C'est par un communiqué d'allure technique que l'organisme public a annoncé jeudi avoir incorporé la dette de SNCF Réseau, la société chargée de gérer les infrastructures ferroviaires, dans la dette publique, à compter de 2016. En cause: l'équilibre financier de l'entreprise, dont les recettes marchandes -- alimentées par les péages payés à chaque passage de train -- se sont lentement érodées, passant cette année-là sous la barre fatidique des 50%.

"Ce reclassement", décidé en lien avec l'organisme européen Eurostat, "a mécaniquement un impact sur le déficit", lesté par les mauvais résultats de l'entreprise (3,2 milliards d'euros de pertes en 2016 et 2,2 milliards d'euros en 2017), a souligné l'Insee. D'après l'institut statistique, le déficit public français a ainsi atteint 3,5% du Produit intérieur brut (PIB) en 2016, au lieu des 3,4% jusque là annoncés. Et en 2017, il s'est établi à 2,7% du PIB, au lieu de 2,6%.

Autre conséquence: le niveau de la dette publique, fruit de l'accumulation des déficits, a été révisé afin d'y intégrer la dette de l'entreprise, soit 37 milliards d'euros en 2016 et 39,5 milliards d'euros en 2017. "Ces montants sont inférieurs à la dette brute de SNCF Réseau", actuellement proche de 50 milliards d'euros, "dans la mesure où une fraction de la dette de l'entreprise, d'environ 10 milliards d'euros, était déjà inscrite au passif de l'Etat", précise l'Insee. Mais l'impact est malgré tout important. D'après l'organisme public, la dette s'est envolée à 2 188 milliards d'euros fin 2016, soit 98,2% du PIB, puis à 2 257 milliards d'euros fin 2017, soit 98,5% du PIB.

100% de dette publique

Pour le gouvernement, confronté à un tassement de la croissance et qui peine à trouver des mesures d'économies pour tenir ses engagements budgétaires, la décision de l'Insee est un défi supplémentaire.

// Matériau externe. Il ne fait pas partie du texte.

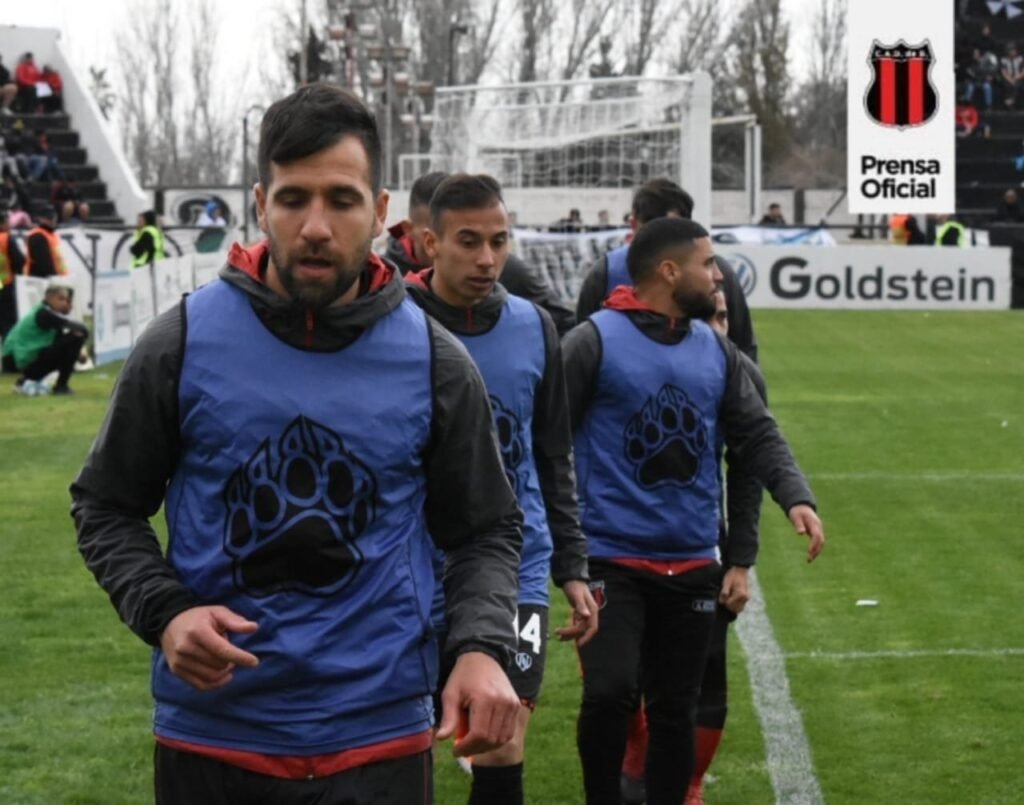 Gimnasia de Mnedoza 0 - Defe 0: Fecha 1 - 2019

L'exécutif a prévu de reprendre la dette de la SNCF en deux temps, en 2020 et en 2022. Mais "l'analyse statistique n'est pas obligée de suivre l'analyse juridique", explique à l'AFP François Ecalle, ancien magistrat à la Cour des comptes.

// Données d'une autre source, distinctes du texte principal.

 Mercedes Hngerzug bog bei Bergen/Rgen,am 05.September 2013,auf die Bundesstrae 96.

Juridiquement parlant, la dette de la SNCF ne sera bel et bien reprise qu'à partir de 2020. Mais au niveau statistique, elle vient déjà modifier la trajectoire budgétaire du gouvernement, qui se retrouve sous pression pour deux raisons. La première porte sur le déficit.

Fin août, le ministre des Finances Bruno Le Maire avait reconnu que la France ne tiendrait pas son objectif de 2,3% de déficit public en 2018, évoquant un chiffre aux alentours de 2,6% du PIB. En cause, selon lui: l'impact de la moindre croissance, qui pourrait peser à hauteur de 0,2 point de PIB, mais aussi l'impact de la dette de la SNCF, d'ores et déjà anticipé, avec un effet évalué à 0,1 point de PIB. Un impact qui n'est pas à exclure pour 2019, alors que Bercy doit déjà composer avec plusieurs contraintes pour son projet de loi de finances (PLF), dont la transformation du Crédit d'impôt compétitivité emploi (CICE) en baisse de charges, qui coûtera 20 milliards d'euros à l'Etat.

"Tant que la SNCF Réseau sera dans le rouge, son déficit pèsera sur celui de l'Etat", souligne François Ecalle, qui prédit une équation budgétaire compliquée l'an prochain, avec de possibles entorses aux règles européennes. "On va flirter avec les 3% de déficit", soit la limite fixée par Bruxelles, estime ce spécialiste des finances publiques. Un niveau éloigné des 2,4% promis en avril par le gouvernement lors du programme de stabilité budgétaire.

L'autre danger qui guette est tout aussi symbolique: celui de voir la dette dépasser la barre des 100% du PIB, quand bien même la trajectoire de Bercy prévoit une baisse cette année. "La dette publique est saisonnière, du fait du calendrier des impôts: elle augmente les six premiers mois de l'année, puis diminue les six mois suivants. Il est donc possible qu'à l'heure actuelle, la barre des 100% ait été franchie", prévient M. Ecalle.